Face à l’agression d’Israël et sa violation des règles d’engagement et de dissuasion, le Hezbollah s’est trouvé obligé de mener une action militaire de nature à restaurer la stabilité et saboter les desseins de Netanyahu, sans cela, il aurait dilapidé des acquis considérables et subi une perte stratégique majeure insupportable. Le Hezbollah a donc pris la décision catégorique et irrévocable de riposter à Israël par une action militaire punitive pour son agression, rétablir ainsi les règles d’engagement et consolider l’équation de la dissuasion. Et pour que son opération produise cet effet, elle devait être menée dans des circonstances adaptées à l’objectif exigé, d’où l’opération d’Avivim, réalisée selon les modalités suivantes :
Le théâtre de l’opération : sur le territoire de la Palestine occupée et en profondeur, à quelques kilomètres de la frontière ; un choix qui, pour la première fois, est un message à Israël stipulant qu’une nouvelle ère de confrontation a commencé et que tout mouvement des militaires dans le nord est sous le feu de la Résistance. Cela dépasse également ce qu’avait imposé la résistance par la force des missiles sol-sol qui ont mis tout Israël dans son viseur.
Le timing : l’opération s’est déroulée dans l’après-midi du premier septembre, soit juste une semaine après que le secrétaire général du Hezbollah ait promis une réponse punitive, et seulement huit jours après l’agression israélienne.
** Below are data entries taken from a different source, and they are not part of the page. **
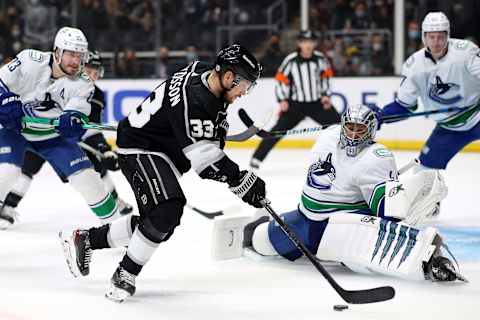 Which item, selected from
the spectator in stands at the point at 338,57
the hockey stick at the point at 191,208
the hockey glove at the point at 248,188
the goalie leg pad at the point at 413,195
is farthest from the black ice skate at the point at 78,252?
the spectator in stands at the point at 338,57

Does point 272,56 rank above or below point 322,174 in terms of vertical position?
below

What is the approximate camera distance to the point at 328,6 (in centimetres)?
996

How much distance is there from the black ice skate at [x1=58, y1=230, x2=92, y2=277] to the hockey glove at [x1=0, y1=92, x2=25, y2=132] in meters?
0.82

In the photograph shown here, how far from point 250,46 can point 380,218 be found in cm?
654

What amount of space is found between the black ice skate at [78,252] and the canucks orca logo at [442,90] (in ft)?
7.63

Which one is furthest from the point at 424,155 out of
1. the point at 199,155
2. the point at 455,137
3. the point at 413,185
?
the point at 199,155

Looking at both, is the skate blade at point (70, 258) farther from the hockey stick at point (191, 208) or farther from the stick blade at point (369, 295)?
the hockey stick at point (191, 208)

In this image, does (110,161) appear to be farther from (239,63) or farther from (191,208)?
(239,63)

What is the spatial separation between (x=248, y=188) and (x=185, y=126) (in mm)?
308

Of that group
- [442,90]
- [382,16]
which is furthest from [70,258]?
[382,16]

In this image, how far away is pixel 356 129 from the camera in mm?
3842

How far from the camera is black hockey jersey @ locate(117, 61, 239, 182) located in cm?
315

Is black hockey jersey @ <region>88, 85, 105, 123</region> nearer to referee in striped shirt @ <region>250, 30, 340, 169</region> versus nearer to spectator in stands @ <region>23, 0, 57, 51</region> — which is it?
referee in striped shirt @ <region>250, 30, 340, 169</region>

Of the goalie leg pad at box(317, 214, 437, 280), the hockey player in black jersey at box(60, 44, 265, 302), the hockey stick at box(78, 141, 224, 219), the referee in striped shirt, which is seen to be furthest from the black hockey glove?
Answer: the referee in striped shirt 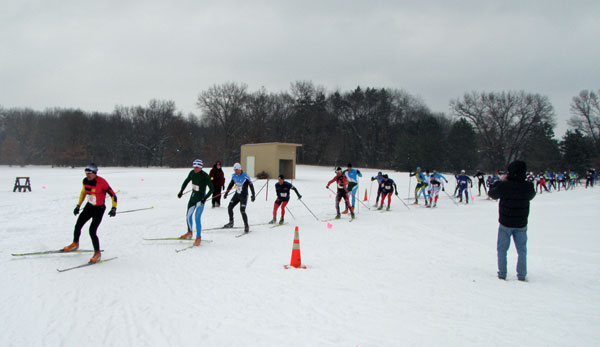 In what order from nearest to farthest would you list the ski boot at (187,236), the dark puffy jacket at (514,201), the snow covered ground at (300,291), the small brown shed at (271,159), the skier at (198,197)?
the snow covered ground at (300,291) → the dark puffy jacket at (514,201) → the skier at (198,197) → the ski boot at (187,236) → the small brown shed at (271,159)

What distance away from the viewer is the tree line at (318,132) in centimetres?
5566

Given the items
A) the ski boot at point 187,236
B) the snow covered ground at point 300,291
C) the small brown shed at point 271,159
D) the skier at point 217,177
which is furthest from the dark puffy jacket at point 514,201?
the small brown shed at point 271,159

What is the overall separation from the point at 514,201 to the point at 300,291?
12.8 feet

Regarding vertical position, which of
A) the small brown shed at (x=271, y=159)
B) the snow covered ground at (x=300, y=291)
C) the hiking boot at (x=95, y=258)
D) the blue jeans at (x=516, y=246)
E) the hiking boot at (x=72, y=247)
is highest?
the small brown shed at (x=271, y=159)

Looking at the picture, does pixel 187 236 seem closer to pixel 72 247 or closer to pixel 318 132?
pixel 72 247

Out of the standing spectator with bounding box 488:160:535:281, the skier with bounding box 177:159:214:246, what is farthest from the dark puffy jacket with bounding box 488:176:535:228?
the skier with bounding box 177:159:214:246

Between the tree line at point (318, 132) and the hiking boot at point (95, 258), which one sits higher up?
the tree line at point (318, 132)

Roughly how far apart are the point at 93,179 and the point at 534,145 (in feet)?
209

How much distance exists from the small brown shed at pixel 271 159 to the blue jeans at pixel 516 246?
23.5 m

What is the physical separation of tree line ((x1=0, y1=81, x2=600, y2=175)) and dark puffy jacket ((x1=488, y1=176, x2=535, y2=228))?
49.7m

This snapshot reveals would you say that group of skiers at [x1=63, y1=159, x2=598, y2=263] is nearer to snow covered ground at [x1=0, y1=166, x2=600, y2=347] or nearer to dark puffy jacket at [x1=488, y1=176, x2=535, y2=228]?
snow covered ground at [x1=0, y1=166, x2=600, y2=347]

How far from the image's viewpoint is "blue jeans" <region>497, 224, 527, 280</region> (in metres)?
5.91

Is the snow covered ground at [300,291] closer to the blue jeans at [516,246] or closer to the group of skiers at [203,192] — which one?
the blue jeans at [516,246]

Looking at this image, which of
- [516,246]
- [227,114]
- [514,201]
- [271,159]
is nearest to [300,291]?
[516,246] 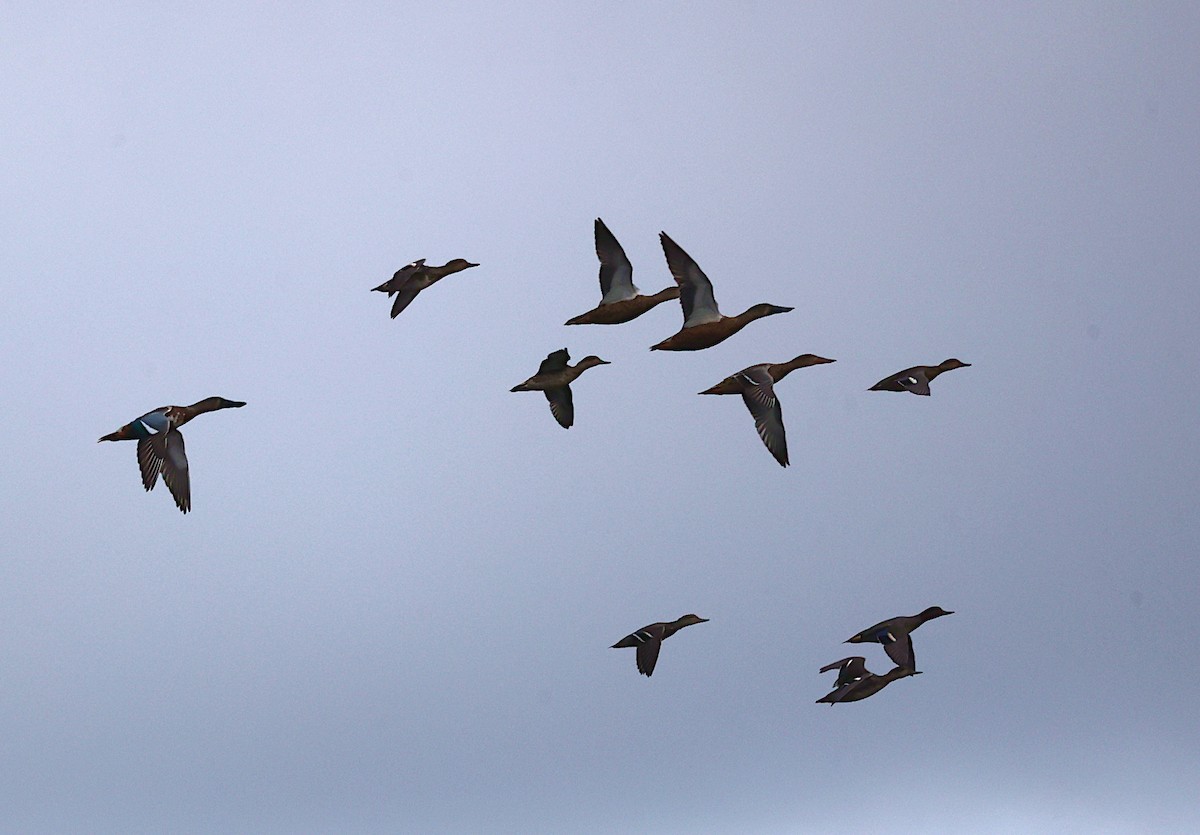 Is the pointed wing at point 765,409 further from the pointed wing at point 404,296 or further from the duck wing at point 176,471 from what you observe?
the duck wing at point 176,471

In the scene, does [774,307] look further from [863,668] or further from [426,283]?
[863,668]

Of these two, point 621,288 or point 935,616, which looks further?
point 935,616

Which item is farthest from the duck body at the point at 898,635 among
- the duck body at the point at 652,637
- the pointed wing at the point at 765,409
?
the pointed wing at the point at 765,409

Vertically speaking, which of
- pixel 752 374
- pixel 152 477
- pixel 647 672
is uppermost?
pixel 752 374

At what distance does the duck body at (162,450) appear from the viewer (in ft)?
113

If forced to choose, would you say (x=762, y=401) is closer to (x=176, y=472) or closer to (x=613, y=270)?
(x=613, y=270)

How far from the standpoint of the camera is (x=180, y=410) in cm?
3547

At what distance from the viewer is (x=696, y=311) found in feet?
114

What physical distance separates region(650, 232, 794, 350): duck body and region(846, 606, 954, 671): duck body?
27.7 ft

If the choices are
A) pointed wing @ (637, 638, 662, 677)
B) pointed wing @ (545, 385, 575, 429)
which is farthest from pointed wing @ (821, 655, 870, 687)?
pointed wing @ (545, 385, 575, 429)

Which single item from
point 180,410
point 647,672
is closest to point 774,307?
point 647,672

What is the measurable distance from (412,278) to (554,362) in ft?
11.5

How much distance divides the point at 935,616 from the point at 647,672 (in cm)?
650

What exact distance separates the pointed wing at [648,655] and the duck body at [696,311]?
772 cm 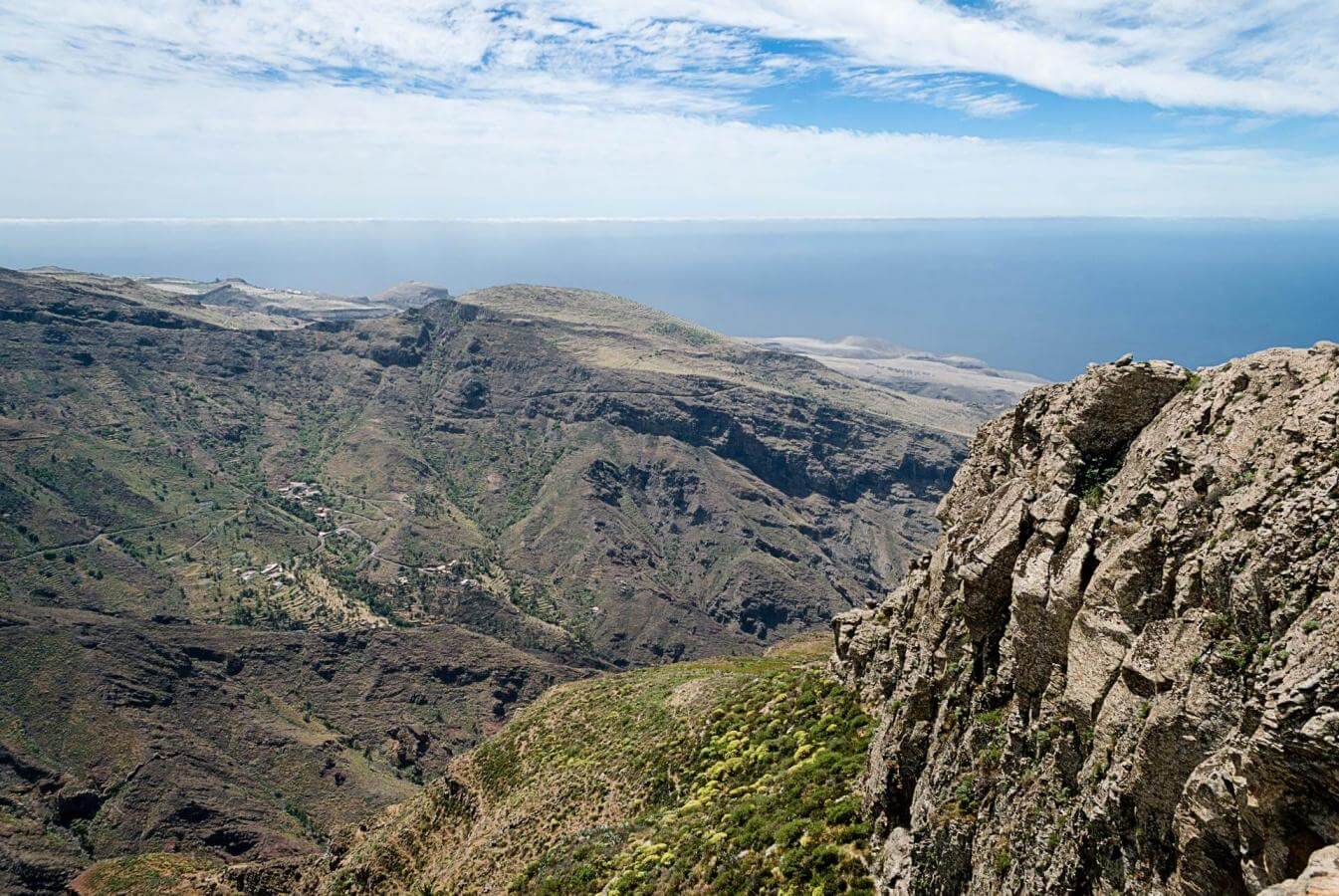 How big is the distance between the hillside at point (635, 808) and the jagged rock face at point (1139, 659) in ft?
15.4

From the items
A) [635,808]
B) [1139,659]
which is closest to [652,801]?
[635,808]

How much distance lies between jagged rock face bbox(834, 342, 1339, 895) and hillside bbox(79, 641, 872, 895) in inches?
185

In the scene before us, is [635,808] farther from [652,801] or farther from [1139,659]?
[1139,659]

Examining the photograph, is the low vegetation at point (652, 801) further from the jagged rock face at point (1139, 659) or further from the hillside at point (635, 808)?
the jagged rock face at point (1139, 659)

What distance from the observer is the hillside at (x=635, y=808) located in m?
27.9

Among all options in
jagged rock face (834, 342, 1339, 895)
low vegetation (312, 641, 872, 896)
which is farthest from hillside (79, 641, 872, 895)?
jagged rock face (834, 342, 1339, 895)

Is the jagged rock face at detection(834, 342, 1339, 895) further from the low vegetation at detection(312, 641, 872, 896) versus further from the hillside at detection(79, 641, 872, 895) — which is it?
the hillside at detection(79, 641, 872, 895)

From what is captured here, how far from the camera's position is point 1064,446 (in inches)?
857

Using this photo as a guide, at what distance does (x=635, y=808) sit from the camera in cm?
4100

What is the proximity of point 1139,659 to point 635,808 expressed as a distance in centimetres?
3205

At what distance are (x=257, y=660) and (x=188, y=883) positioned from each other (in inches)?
3602

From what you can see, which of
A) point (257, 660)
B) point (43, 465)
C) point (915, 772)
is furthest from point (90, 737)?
point (915, 772)

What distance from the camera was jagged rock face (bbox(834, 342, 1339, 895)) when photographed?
1220 cm

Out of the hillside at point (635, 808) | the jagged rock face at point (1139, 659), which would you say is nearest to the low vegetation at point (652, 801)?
the hillside at point (635, 808) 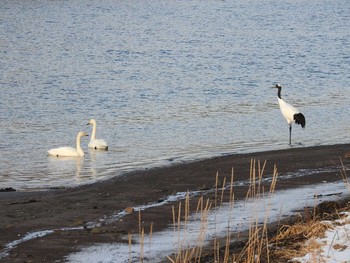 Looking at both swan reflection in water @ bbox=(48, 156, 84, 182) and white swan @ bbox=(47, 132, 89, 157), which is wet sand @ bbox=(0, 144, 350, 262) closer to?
swan reflection in water @ bbox=(48, 156, 84, 182)

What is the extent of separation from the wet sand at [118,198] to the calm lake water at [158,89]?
154 centimetres

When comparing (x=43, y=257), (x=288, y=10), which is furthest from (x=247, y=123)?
(x=288, y=10)

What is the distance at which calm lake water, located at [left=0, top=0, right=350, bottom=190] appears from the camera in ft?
62.1

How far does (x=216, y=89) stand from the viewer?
99.5 feet

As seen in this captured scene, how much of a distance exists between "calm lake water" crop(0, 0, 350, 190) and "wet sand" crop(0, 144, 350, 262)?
1544 mm

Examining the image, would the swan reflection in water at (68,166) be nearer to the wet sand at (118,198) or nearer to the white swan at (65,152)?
the white swan at (65,152)

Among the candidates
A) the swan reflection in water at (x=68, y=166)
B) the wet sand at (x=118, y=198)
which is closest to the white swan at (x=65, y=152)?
the swan reflection in water at (x=68, y=166)

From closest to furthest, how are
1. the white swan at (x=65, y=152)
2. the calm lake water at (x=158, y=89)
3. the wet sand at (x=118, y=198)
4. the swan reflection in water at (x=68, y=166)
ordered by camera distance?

Une semaine durant laquelle il a laissé Israël mariner dans sa confusion, sa perplexité et son inquiétude, dans l’attente de l’inévitable riposte, et exercé une pression psychologique qui a conduit les commentateurs israéliens à reconnaître le souffle de Sayyed Nasrallah dans la guerre psychologique et sa capacité à contrôler la conscience du public.
Le nom de l’unité opérationnelle : le groupe de la Résistance ayant exécuté l’opération a été baptisé des noms des martyrs Daher et Zabib, pour indiquer que celle-ci a été menée en réponse à l’agression israélienne qui a assassiné ces deux combattants en Syrie.
La cible et l’objectif : l’opération a ciblé un véhicule militaire blindé israélien de transport de troupes qui peut contenir huit hommes et qui, normalement, ne se déplace pas avec moins de trois soldats à bord. Ce choix marque la volonté de la Résistance d’infliger des pertes humaines dans les rangs de l’ennemi au moins équivalentes à celles subies par la Résistance avec ses deux martyrs tombés en territoire syrien.
L’armement utilisé : des missiles antichar Kornet, de grande notoriété, qui ont laissé une empreinte noire dans la conscience collective israélienne, du fait qu’ils ont massacré les chars Merkava à Wadi Alhojair et dans la plaine Khiyam en 2006, et empêché Israël d’accéder au Litani et d’accomplir toute réalisation militaire même symbolique. Le missile, de haute précision, a une portée efficiente de 5.5 km.
L’environnement sécuritaire et opérationnel pour l’exécution : l’action s’est déroulée durant l’état d’alerte israélien le plus élevé au niveau des opérations et du renseignement, dans le nord de la Palestine occupée, et au bout d’une semaine durant laquelle la résistance a exercé une forte pression psychologique qui a obligé l’ennemi à placer 5 brigades en état d’alerte maximale dans le nord, avec la mobilisation des avions de combat et des drones nécessaires pour les soutenir, ainsi que le tiers de la flotte navale israélienne.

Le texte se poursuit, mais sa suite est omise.